Researchers have developed a chip that can analyze cells shed by lung cancer tumors in a patient's blood, allowing treating doctors to determine whether lung cancer treatment is working as early as the fourth week. The information provided by the chip will allow treatments to be tailored to meet patient needs and improve outcomes.
Stage 3 non-small cell lung cancer (NSCLC) accounts for about 80% to 85% of lung cancers, and the current treatment method is a combination of chemotherapy and radiation therapy, followed by a year of immunotherapy. Assessing how a person is responding to treatment, and importantly assessing whether the cancer is likely to spread, takes time, which not every patient has a lot of time.
Now, University of Michigan (U-M) researchers have developed a chip that can analyze circulating cancer cells in a patient's blood and tell treating doctors by the fourth week how well their lung cancer treatment is working.
"Currently, we often have to wait weeks to months to fully assess the effects of cancer treatments," said Shruti Jolly, co-corresponding author of the study. "However, with this chip, we may be able to avoid long-term ineffective treatments and quickly switch to alternative treatments, thus sparing patients from unnecessary side effects." This technology has the potential to transform cancer diagnosis from delayed single assessment to more continuous monitoring, facilitating the delivery of personalized cancer treatments. "
CT scans are often used to determine whether a tumor has grown or shrunk, but only large changes are easily seen. Needle biopsies can provide more precise information, but this method is invasive and cannot be performed frequently to provide up-to-date information on a regular basis.
So researchers looked into liquid biopsies, a test that looks for signs of cancer in a patient's blood, such as cancer cells shed by tumors. Unlike needle biopsies, blood samples can be taken more frequently, but are only useful when the cells being tested reach detectable levels. Lung cancer has presented special problems in developing ways to monitor treatment through blood tests, researchers say, possibly because previous tests targeted a protein on the surface of cells that is not common in this cancer.
"We are looking for more sensitive cancer markers that can be used to closely monitor treatment," said Sunith Nagrath, another corresponding author of the study.
Nagras's research team developed the "GO chip" in 2013, which only captures circulating tumor cells (CTCs), successfully solving the shortcomings of other detection methods. Antibodies mounted on the chip's graphene oxide (GO, hence the name) nanosheets can recognize multiple cancer-specific protein markers on the surface of cells. As blood passes through channels in the chip, antibodies accumulate these markers, eventually collecting enough of them. Once trapped in place, researchers can count the cells, confirm whether they are cancer cells, and determine how the cells' biochemical properties differ between patients and at different stages of treatment.

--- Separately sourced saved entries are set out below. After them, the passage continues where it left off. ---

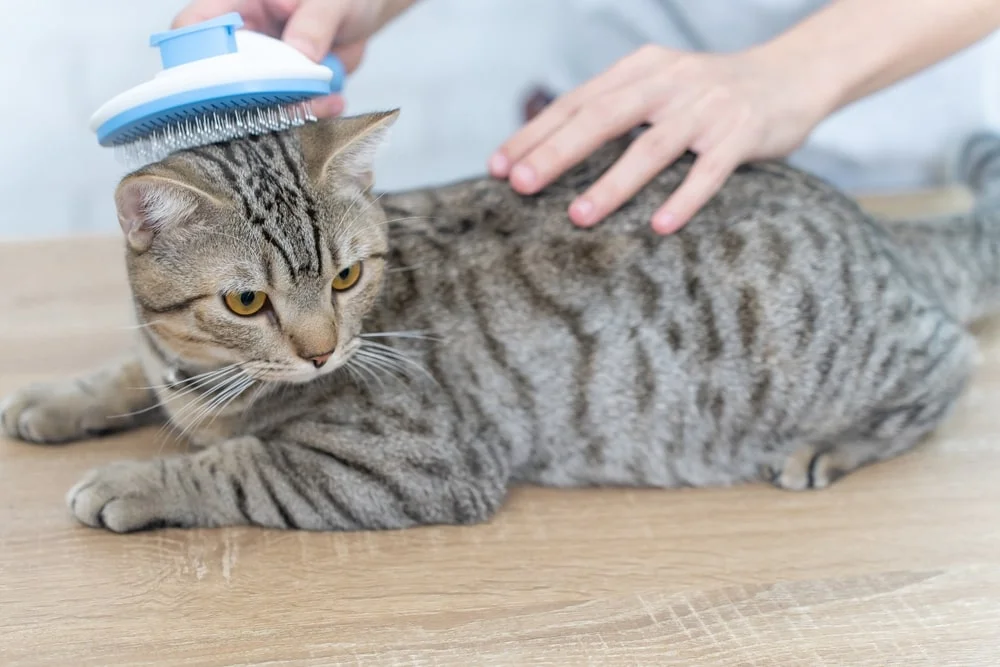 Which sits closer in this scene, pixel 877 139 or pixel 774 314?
pixel 774 314

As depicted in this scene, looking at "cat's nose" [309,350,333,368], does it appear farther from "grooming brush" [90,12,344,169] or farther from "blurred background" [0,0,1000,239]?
"blurred background" [0,0,1000,239]

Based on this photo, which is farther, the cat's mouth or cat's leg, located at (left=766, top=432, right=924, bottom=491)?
cat's leg, located at (left=766, top=432, right=924, bottom=491)

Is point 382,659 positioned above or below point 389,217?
below

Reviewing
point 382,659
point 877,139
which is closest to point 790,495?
point 382,659

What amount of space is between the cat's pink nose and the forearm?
2.94 ft

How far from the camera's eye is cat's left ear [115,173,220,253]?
1.01m

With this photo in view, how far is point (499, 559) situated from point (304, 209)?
49 cm

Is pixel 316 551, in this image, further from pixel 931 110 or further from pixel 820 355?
pixel 931 110

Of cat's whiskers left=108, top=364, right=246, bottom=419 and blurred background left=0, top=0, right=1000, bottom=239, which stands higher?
blurred background left=0, top=0, right=1000, bottom=239

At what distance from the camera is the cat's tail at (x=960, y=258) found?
64.2 inches

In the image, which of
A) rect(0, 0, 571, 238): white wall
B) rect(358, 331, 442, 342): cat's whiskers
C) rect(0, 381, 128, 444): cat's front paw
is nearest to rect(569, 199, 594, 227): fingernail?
rect(358, 331, 442, 342): cat's whiskers

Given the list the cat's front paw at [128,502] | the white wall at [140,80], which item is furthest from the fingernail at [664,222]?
the white wall at [140,80]

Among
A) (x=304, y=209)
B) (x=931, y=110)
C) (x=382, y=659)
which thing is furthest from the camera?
(x=931, y=110)

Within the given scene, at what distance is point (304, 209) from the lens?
1.12 metres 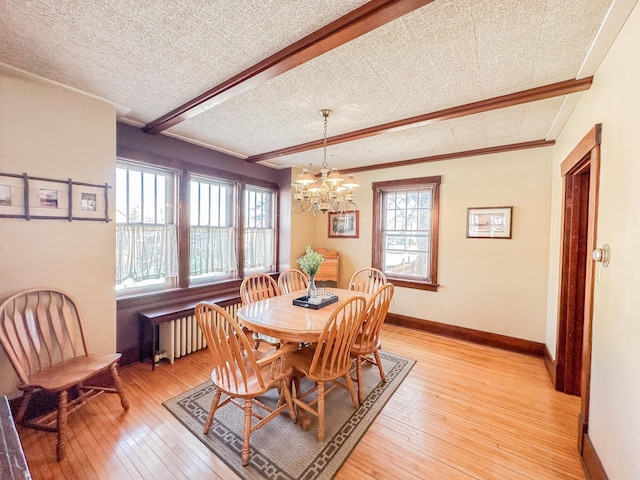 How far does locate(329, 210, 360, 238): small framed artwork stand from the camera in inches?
185

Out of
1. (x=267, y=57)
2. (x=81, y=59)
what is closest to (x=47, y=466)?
(x=81, y=59)

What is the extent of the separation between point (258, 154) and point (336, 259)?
2125 mm

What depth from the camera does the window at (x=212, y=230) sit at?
353 centimetres

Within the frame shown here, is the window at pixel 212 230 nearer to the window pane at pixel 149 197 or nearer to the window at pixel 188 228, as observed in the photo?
the window at pixel 188 228

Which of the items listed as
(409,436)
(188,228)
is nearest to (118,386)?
(188,228)

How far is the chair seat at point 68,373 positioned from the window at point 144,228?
948 mm

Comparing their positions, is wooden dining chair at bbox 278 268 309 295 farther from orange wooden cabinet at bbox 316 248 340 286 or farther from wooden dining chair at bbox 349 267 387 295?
orange wooden cabinet at bbox 316 248 340 286

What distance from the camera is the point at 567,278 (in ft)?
8.10

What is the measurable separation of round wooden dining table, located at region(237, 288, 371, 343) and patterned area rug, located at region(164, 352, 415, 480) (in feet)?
2.18

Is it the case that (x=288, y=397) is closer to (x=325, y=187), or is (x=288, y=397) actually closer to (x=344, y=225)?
(x=325, y=187)

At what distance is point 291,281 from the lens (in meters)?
3.56

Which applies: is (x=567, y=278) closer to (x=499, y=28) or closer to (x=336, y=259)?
(x=499, y=28)

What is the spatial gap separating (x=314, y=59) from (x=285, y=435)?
2.60 meters

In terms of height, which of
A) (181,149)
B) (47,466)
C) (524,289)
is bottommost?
(47,466) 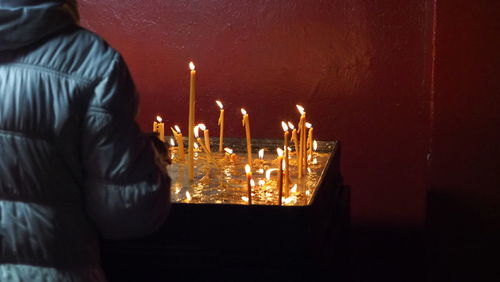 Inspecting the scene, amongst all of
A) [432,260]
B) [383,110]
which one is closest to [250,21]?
[383,110]

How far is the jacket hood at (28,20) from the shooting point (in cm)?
145

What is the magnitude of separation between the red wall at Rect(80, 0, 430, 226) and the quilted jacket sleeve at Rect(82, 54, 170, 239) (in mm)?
1986

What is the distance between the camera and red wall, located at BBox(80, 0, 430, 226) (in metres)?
3.43

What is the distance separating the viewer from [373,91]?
348 centimetres

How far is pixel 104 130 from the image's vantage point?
4.88ft

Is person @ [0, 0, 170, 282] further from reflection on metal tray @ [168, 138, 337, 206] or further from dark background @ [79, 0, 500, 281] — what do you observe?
dark background @ [79, 0, 500, 281]

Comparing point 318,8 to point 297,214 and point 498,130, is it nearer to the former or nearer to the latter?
point 498,130

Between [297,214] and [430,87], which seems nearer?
[297,214]

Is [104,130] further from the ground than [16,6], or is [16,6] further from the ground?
[16,6]

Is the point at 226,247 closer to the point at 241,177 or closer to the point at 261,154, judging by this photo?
the point at 241,177

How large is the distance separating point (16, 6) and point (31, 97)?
18cm

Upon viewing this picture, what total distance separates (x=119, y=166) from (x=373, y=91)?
2150 millimetres

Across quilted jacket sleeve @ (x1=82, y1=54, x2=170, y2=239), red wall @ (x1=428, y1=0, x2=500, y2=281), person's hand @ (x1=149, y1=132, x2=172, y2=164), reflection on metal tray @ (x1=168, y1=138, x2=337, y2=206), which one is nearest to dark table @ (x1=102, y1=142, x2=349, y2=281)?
reflection on metal tray @ (x1=168, y1=138, x2=337, y2=206)

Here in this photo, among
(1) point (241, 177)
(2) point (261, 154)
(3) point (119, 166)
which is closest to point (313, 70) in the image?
(2) point (261, 154) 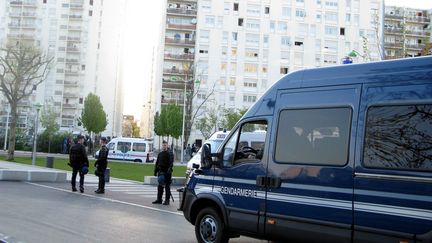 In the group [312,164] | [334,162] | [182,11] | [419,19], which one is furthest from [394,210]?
[419,19]

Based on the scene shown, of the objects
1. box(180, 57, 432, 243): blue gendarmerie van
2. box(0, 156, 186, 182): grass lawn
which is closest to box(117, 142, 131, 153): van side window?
box(0, 156, 186, 182): grass lawn

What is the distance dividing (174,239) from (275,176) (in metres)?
2.92

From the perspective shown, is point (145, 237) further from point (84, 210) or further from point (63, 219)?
point (84, 210)

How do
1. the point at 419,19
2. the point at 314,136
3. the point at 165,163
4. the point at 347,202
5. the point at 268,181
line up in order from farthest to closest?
the point at 419,19 < the point at 165,163 < the point at 268,181 < the point at 314,136 < the point at 347,202

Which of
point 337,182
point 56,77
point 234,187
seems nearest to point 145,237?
point 234,187

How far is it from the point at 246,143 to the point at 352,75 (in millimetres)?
2148

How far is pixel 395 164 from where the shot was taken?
18.7ft

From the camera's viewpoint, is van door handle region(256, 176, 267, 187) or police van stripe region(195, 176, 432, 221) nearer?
police van stripe region(195, 176, 432, 221)

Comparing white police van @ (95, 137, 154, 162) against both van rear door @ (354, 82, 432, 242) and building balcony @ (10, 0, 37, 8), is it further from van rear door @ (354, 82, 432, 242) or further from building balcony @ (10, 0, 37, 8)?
building balcony @ (10, 0, 37, 8)

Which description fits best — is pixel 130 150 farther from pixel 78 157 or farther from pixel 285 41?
pixel 285 41

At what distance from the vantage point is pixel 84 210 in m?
12.4

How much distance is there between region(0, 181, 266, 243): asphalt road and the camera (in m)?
8.89

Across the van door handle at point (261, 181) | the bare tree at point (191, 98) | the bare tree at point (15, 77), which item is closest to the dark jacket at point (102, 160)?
the van door handle at point (261, 181)

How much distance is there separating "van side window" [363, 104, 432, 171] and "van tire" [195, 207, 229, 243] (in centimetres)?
279
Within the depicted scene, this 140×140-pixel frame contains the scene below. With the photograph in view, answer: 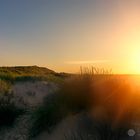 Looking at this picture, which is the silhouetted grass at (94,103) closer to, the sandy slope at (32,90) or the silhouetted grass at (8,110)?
the silhouetted grass at (8,110)

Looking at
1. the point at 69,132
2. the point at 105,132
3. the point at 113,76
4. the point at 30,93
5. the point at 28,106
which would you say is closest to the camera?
the point at 105,132

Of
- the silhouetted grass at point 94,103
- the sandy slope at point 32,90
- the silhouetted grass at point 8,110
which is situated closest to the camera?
the silhouetted grass at point 94,103

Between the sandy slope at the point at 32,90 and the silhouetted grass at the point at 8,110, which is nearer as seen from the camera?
the silhouetted grass at the point at 8,110

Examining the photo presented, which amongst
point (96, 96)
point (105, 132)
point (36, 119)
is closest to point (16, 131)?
point (36, 119)

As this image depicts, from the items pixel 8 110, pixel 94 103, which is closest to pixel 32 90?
pixel 8 110

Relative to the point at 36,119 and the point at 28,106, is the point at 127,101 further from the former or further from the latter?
the point at 28,106

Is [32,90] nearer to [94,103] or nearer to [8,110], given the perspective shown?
[8,110]

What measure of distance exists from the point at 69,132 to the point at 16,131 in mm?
3199

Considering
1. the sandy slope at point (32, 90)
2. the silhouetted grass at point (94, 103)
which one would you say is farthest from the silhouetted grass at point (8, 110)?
the silhouetted grass at point (94, 103)

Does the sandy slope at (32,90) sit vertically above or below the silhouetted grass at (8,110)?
above

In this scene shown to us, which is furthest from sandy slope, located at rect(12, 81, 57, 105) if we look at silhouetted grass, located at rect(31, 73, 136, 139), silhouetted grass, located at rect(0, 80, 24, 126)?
silhouetted grass, located at rect(31, 73, 136, 139)

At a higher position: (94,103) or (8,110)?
(94,103)

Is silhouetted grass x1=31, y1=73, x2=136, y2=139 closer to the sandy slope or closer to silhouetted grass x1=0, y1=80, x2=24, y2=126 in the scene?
silhouetted grass x1=0, y1=80, x2=24, y2=126

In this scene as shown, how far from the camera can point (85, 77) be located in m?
15.5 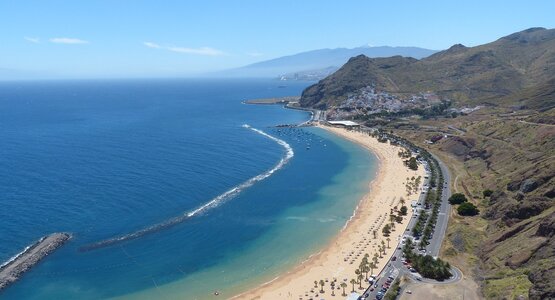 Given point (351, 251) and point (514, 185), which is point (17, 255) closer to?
point (351, 251)

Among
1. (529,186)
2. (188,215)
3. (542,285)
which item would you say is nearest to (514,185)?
(529,186)

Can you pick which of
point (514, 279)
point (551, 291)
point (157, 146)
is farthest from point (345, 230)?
point (157, 146)

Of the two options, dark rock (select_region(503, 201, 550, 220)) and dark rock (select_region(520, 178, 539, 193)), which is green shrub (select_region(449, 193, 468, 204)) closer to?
dark rock (select_region(520, 178, 539, 193))

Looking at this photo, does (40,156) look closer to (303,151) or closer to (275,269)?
(303,151)

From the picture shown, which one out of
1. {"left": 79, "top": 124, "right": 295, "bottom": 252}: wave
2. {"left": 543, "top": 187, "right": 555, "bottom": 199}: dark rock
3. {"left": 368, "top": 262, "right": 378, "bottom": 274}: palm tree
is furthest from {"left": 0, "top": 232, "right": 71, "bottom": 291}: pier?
{"left": 543, "top": 187, "right": 555, "bottom": 199}: dark rock

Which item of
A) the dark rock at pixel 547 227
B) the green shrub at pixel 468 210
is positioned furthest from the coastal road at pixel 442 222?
the dark rock at pixel 547 227

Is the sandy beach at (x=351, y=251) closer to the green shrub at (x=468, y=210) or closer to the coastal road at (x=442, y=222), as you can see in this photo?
the coastal road at (x=442, y=222)

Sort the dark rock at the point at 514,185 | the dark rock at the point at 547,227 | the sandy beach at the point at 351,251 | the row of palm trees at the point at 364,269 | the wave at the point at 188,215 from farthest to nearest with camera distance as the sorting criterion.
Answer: the dark rock at the point at 514,185 < the wave at the point at 188,215 < the dark rock at the point at 547,227 < the sandy beach at the point at 351,251 < the row of palm trees at the point at 364,269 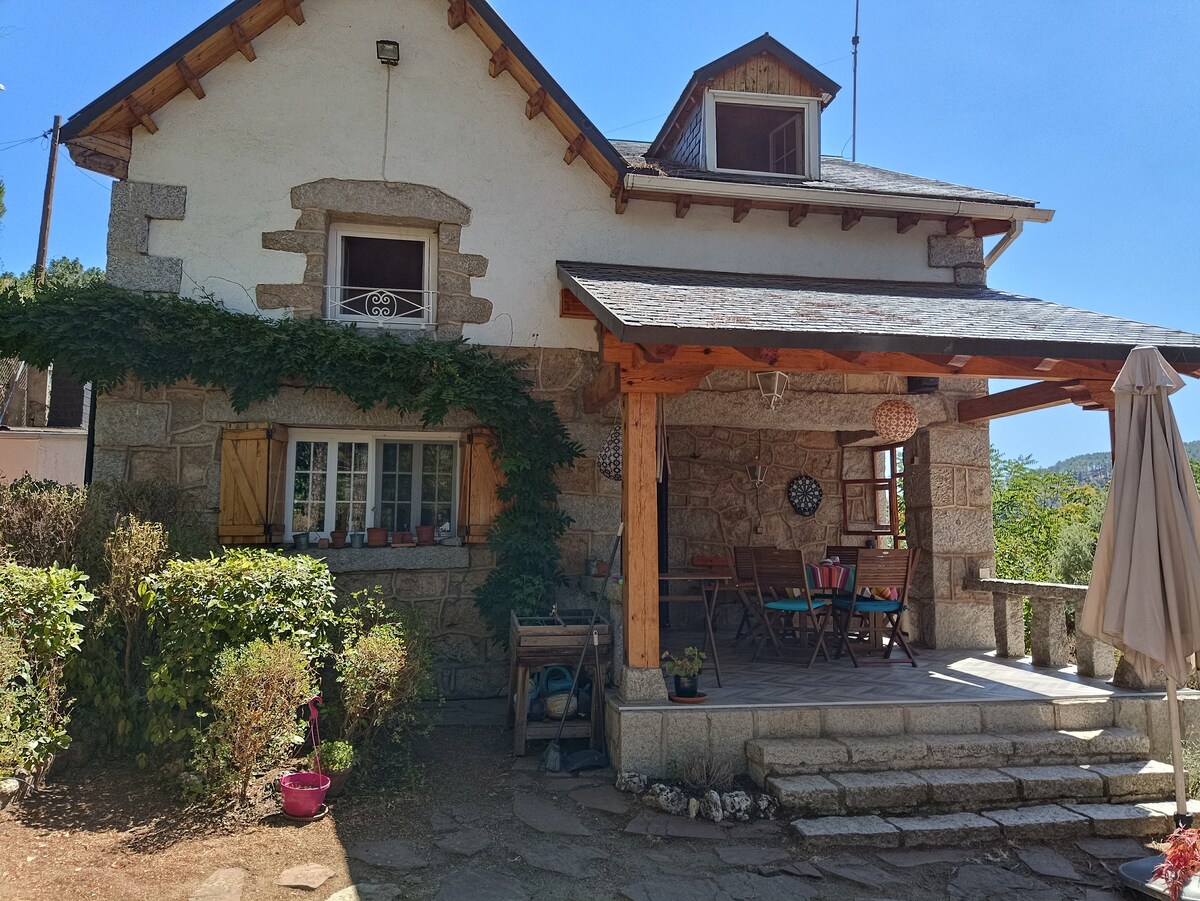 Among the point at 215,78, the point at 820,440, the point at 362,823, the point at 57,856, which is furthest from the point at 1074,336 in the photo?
the point at 215,78

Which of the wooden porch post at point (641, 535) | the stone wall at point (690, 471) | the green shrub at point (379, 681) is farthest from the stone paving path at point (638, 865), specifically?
the stone wall at point (690, 471)

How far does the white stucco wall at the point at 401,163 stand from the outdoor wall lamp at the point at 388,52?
4.0 inches

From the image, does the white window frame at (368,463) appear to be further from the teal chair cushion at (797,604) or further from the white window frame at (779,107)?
the white window frame at (779,107)

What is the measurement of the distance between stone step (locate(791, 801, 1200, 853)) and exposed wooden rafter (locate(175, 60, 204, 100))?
7199 millimetres

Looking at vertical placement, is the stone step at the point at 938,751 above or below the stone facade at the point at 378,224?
below

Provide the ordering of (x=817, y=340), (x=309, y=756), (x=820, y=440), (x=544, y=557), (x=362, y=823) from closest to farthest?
1. (x=362, y=823)
2. (x=309, y=756)
3. (x=817, y=340)
4. (x=544, y=557)
5. (x=820, y=440)

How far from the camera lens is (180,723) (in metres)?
4.60

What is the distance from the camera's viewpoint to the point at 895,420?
7.25 metres

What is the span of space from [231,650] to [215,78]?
5224mm

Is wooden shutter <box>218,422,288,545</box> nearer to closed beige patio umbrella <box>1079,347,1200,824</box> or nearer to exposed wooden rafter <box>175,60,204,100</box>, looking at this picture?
exposed wooden rafter <box>175,60,204,100</box>

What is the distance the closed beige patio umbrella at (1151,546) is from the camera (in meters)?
4.23

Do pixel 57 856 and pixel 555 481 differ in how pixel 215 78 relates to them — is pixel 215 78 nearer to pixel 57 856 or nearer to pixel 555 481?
pixel 555 481

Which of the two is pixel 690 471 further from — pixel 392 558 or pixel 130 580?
pixel 130 580

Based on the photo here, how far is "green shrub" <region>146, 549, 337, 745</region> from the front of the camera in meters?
4.49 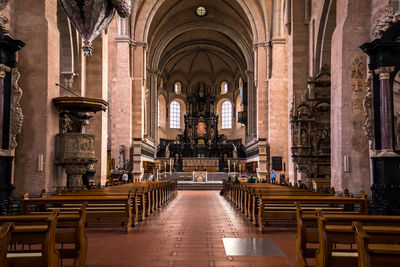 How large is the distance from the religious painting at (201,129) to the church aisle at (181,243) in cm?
3506

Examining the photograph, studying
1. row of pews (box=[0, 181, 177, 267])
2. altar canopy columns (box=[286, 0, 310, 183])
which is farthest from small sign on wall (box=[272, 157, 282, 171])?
row of pews (box=[0, 181, 177, 267])

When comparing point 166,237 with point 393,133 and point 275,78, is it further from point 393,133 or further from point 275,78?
point 275,78

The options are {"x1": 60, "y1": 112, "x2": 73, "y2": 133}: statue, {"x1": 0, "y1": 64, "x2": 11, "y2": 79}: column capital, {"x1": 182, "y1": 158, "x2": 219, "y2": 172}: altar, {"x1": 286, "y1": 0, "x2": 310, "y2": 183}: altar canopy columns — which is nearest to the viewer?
{"x1": 0, "y1": 64, "x2": 11, "y2": 79}: column capital

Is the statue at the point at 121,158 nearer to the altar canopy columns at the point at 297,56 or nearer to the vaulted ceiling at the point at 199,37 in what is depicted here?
the vaulted ceiling at the point at 199,37

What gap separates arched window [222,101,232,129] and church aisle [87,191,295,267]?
3845cm

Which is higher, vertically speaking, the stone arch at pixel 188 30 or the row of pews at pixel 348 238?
the stone arch at pixel 188 30

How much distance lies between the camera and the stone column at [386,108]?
841cm

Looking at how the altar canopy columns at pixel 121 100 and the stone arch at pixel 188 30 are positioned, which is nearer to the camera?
the altar canopy columns at pixel 121 100

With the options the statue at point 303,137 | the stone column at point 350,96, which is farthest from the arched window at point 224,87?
the stone column at point 350,96

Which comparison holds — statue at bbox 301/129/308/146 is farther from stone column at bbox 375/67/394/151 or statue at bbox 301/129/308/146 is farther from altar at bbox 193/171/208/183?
altar at bbox 193/171/208/183

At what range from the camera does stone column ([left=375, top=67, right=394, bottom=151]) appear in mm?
8406

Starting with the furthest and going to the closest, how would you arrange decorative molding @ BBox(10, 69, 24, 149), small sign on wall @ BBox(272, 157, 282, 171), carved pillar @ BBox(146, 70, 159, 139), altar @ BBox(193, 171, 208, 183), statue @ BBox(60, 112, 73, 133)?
carved pillar @ BBox(146, 70, 159, 139)
altar @ BBox(193, 171, 208, 183)
small sign on wall @ BBox(272, 157, 282, 171)
statue @ BBox(60, 112, 73, 133)
decorative molding @ BBox(10, 69, 24, 149)

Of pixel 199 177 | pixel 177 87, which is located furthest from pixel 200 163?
pixel 177 87

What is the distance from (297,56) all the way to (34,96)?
33.4 ft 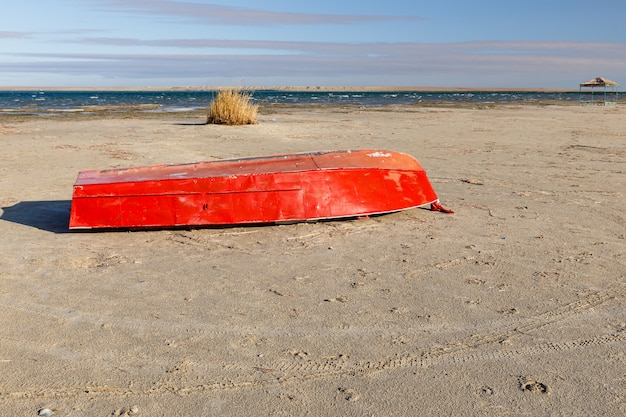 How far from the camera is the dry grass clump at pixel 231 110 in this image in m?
17.5

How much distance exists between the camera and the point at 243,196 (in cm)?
580

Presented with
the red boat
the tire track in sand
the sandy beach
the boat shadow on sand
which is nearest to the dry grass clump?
the sandy beach

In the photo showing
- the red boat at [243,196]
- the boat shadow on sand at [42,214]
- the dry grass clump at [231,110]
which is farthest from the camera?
the dry grass clump at [231,110]

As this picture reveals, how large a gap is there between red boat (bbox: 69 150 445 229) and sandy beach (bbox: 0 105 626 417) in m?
0.14

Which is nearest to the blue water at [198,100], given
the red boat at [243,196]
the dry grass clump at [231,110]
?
the dry grass clump at [231,110]

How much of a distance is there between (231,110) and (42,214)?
11.4 metres

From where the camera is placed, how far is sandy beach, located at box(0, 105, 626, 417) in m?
2.83

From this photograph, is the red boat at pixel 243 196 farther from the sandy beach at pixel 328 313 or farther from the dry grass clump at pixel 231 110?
the dry grass clump at pixel 231 110

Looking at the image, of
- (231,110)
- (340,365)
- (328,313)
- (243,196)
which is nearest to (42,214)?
(243,196)

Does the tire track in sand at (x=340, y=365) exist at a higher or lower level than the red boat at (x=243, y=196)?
lower

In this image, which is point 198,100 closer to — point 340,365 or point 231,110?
point 231,110

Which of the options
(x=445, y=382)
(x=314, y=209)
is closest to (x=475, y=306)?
(x=445, y=382)

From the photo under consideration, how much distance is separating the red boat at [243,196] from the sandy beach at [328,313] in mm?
139

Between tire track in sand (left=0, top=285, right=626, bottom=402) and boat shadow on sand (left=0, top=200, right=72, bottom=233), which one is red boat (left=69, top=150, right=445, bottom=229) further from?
tire track in sand (left=0, top=285, right=626, bottom=402)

To test whether the GO chip could monitor the effects of lung cancer treatment, researchers in this study collected CTCs from 26 stage 3 NSCLC patients who received chemotherapy and immunotherapy. Samples were collected before the start of treatment and after the first, fourth, tenth, eighteenth and thirtieth weeks of the patient's treatment.
They observed that CTCs decreased during treatment, and the greater the reduction, predicted a significantly longer progression-free survival (PFS). If the number of CTCs is not reduced by at least 75% by the fourth week of treatment, the patient's cancer is more likely to persist after treatment. The progression-free survival of these patients was 7 months, while the average progression-free survival of patients with a large reduction in CTCs was 21 months.
They also found that CTCs in cancer patients that did not respond to treatment activated genes that may make the cancer more resistant to drugs. This information may help develop targeted treatments, but further research is needed.
The research was published in the journal Cell Reports.